Uma viagem apocalítica, sensorial, em que nos é fornecida a exaltação da nossa própria loucura psicológica, que nos revira pelas fronteiras da cerebralidade por um processo sem fim. Talvez eu tenha adoptado uma postura essencialmente vulnerável à percepção de um objecto que vive para si, e daí tenha saído esgotada como se tivesse passado um mês inteiro a estudar sem parar. Ele extenuou-me. Num cansaço grotescamente viciante, em que o corredor do vanguardismo contemporâneo lhe deve o primeiro lugar no topo da excentricidade artística. A arte. Às vezes tem destas coisas. Deixa-nos sem folêgo.Lamento encarecidamente, que ainda existam seres vivos que se arrastam para as salas de cinema apenas porque sim e transformam a própria num antro de estupidez atroz. Não é compreensível que usem o riso para disfarçar a sua mediocridade intelectual nem muito menos que saiam a meio e digam:’Que Seca!’. De facto é uma seca. Lynch é uma grande seca.
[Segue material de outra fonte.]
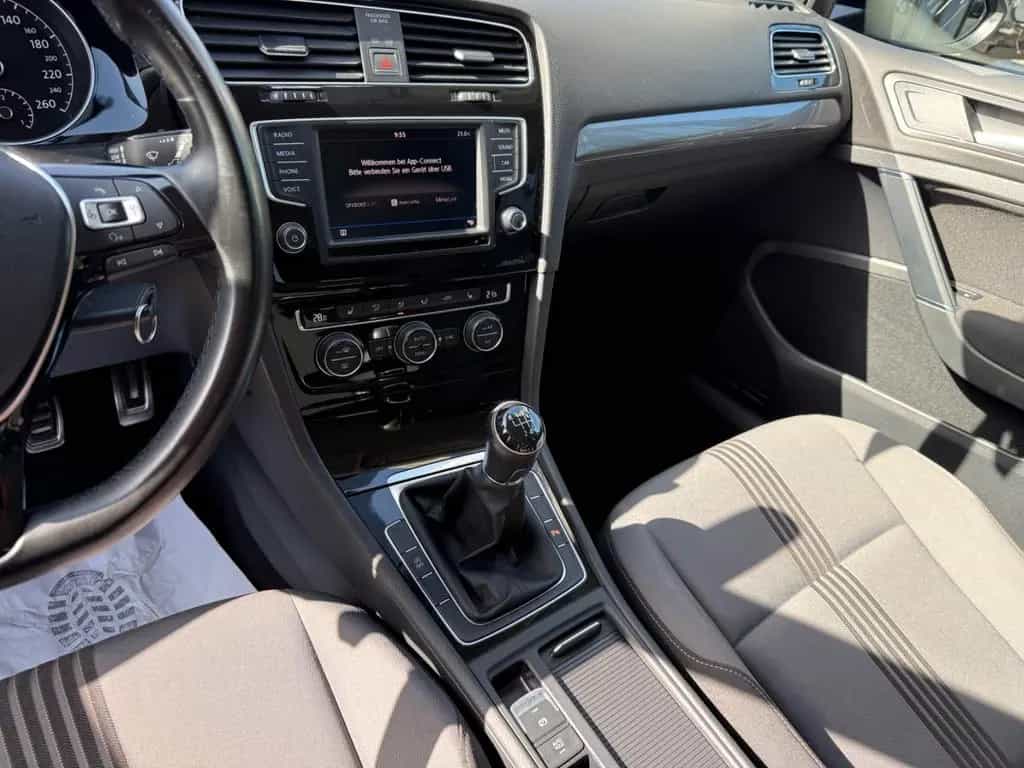 Volkswagen Golf VII V. Allstar*SHZ*PDC*TEMP.*TÜV NEU* 12/2016-photo-11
Uma seca tremenda que abate os mais infames desprovidos de inteligência e cultura, num poço de basicidade crua e dura.




De facto! Lynch é um embaixador do surrealismo no cinema e por consequência é complicado aconselhar vivamente quem seja de ver esta magnifica obra ou qualquer outra. Porém não recuo em eleger como soberbo este ‘objecto’ de pura arte.